## Exercise requirements
Reproduce all entries below verbatim. Skip the pictures.

## Provided entries
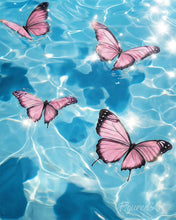 Afbeelding in Gallery-weergave laden, Diamond Painting - Roze vlinders op het water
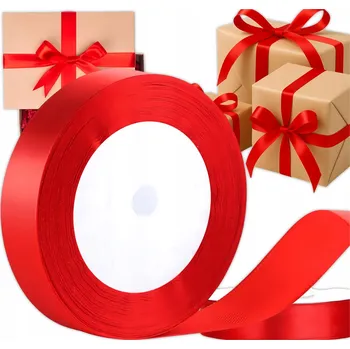 Stuha Saténová páska, stuhy, stuhy 23 m x 1,2 cm, červená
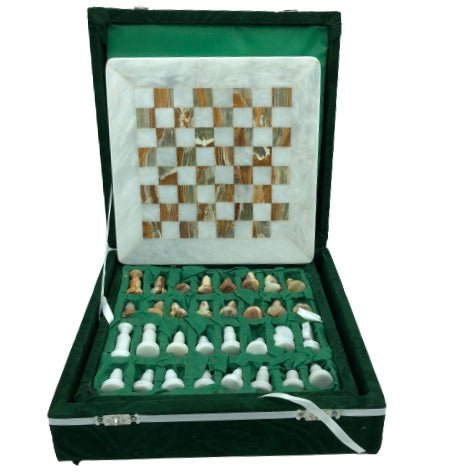 Chess Set Carved Onyx 8 Inch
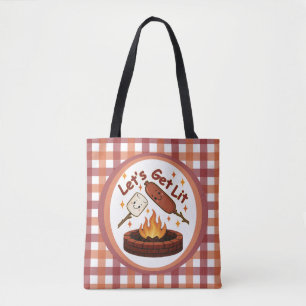 Bolsa Tote Vamos nos soltar no fogos - Marshmallow e cachorro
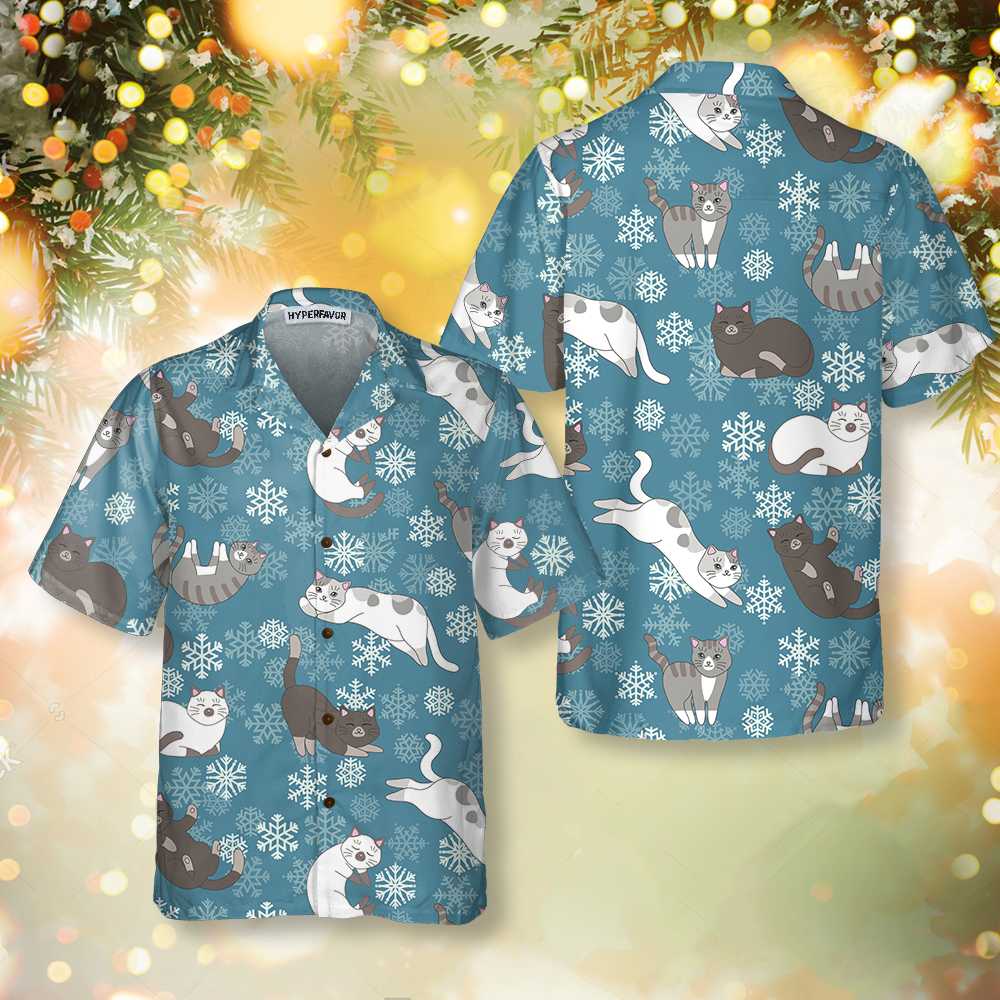 Drune | Blaue Schneeflocken Niedliche Kätzchen Hawaiian Hemd, Lustiges Weihnachts Aloha Hemd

## Solution
 Afbeelding in Gallery-weergave laden, Diamond Painting - Roze vlinders op het water
 Stuha Saténová páska, stuhy, stuhy 23 m x 1,2 cm, červená
 Chess Set Carved Onyx 8 Inch
 Bolsa Tote Vamos nos soltar no fogos - Marshmallow e cachorro
 Drune | Blaue Schneeflocken Niedliche Kätzchen Hawaiian Hemd, Lustiges Weihnachts Aloha Hemd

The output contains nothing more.